# How many Subwoofers is too many?



## ckcouchman (Mar 2, 2014)

Can you have too many Subwoofers in your Theater Room? Room size is 23 feet long by 13 feet wide with 9 feet ceilings. Currently have 2x 18 inch IB ceiling sub and a 2x15 inch IB ceiling sub also.


----------



## theJman (Mar 3, 2012)

You can overdo anything, the question is what's _your _limit.

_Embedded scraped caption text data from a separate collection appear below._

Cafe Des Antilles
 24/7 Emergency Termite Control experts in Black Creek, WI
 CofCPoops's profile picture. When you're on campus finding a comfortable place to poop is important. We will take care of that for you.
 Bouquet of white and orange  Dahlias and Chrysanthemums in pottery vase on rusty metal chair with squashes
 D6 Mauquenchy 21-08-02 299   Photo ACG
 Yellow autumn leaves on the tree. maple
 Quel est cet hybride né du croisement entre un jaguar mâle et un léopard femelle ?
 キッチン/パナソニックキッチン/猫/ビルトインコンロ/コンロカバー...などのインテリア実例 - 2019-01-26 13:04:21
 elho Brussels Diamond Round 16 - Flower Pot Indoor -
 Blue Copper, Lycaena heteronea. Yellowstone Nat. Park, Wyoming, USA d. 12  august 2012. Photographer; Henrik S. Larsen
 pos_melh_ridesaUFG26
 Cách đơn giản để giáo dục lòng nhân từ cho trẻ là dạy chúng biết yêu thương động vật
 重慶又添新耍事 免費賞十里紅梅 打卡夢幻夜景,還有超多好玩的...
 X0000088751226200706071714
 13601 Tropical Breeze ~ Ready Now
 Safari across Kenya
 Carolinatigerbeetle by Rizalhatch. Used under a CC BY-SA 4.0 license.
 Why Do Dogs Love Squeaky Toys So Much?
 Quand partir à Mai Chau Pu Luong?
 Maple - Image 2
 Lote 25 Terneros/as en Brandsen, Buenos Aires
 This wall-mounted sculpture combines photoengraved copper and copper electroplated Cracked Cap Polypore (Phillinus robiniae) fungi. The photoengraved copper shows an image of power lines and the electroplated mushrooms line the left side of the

I've seen people with HT's that have ten 18" subs driven by 20,000 watts in a space much smaller than yours. While every system needs 'headroom' - surfeit capacity that allows for smooth handling of broad dynamic swings in the source material - there comes a point of diminishing returns. Think Bugatti Veyron; here in the US you can occasionally find a highway with a speed limit in excess of 80 MPH, so what good is a car that can do 250 MPH then? If you own a Veyron you're certainly going to exceed 80 MPH from time-to-time, but you'll likely never be able to go much past 120. That means 50% of the cars potential is wasted 100% of the time.

At 2700 ft^3 you probably have good response with a pair of 18's and a pair of 15's. IB's are not known for high-performance though - more quality than quantity - so you might be able to enhance your viewing experience further with another pair of 18's, but at this point the updates are mostly evolutionary as opposed to revolutionary.


----------



## ckcouchman (Mar 2, 2014)

Thanks Jim.


----------



## dickfantastic (Aug 10, 2017)

I like Dr. Hsu's answer on this subject

http://www.hsuresearch.com/faq.html

"We frequently get questions 'is this subwoofer too powerful or too loud for my room?' The answer is no. The subwoofer need only play as loudly as you set it. You cannot have too much subwoofer."

He is the man.


----------



## ckcouchman (Mar 2, 2014)

Thanks Dick


----------